RE: High-Speed Rail Grants Announced
I don't like light rail. If the traffic density isn't heavy enough to support separate-grade rail, you are better off with buses. I think we agree on that. As much as possible, make the buses electric trolley buses and let them run down the medians of boulevards; that makes a lot more sense than light rail to me.
I don't like diesel trains. We need to get to where all passenger trains, and as many freight trains as possible, are electric. And then generate the electricity with nuclear.
We are only going to reduce our oil usage by making something other than oil the prime mover for as many applications as possible. If it's all Priuses, that's certainly better than nothing. But I think there are cases where the density will support trains. And if the density is marginal now, running a rail line will influence future development patterns to favor places with easy access.
That's the big issue in Houston now. This developer wants this route because that's where he has properties, that developer wants that route because that's where he has properties.

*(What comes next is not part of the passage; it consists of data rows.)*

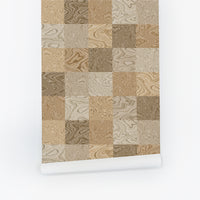 Light Wood Mosaic Print Wallpaper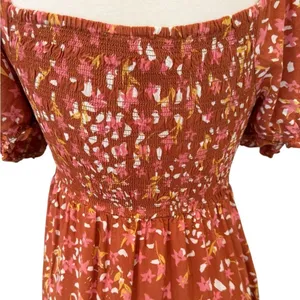 Roxy Hello Petal Woven Mini Dress On or Off Shoulder Fall Smocked Size Small thumbnail 6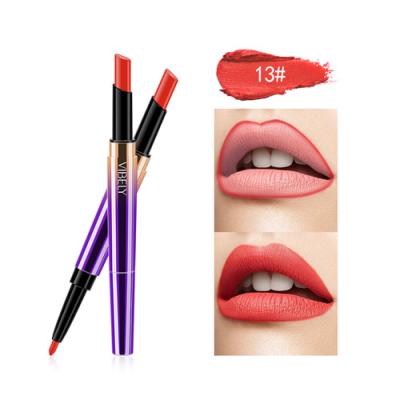 China High Quality Fashion Waterproof 2 In 1 Semi-matte Liner Double Head Waterproof Long Lasting Lipstick Lip Liner for sale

And Houston politics has always been the dance of the developers.
We need to wean ourselves of 13 million barrels of imported oil. Drill here, drill now can take care of 2-4 million; importing sugar can ethanol can take care of another 2-4. Yes, we're still importing, but it's cheaper (or at least cheaper than oil will be if there's a price spike) and it gives us some leverage to play ethanol agianst oil. And giving Latin America a new cash crop helps us with our illegal immigration and drug problems. These things get us about halfway there (maybe a little less).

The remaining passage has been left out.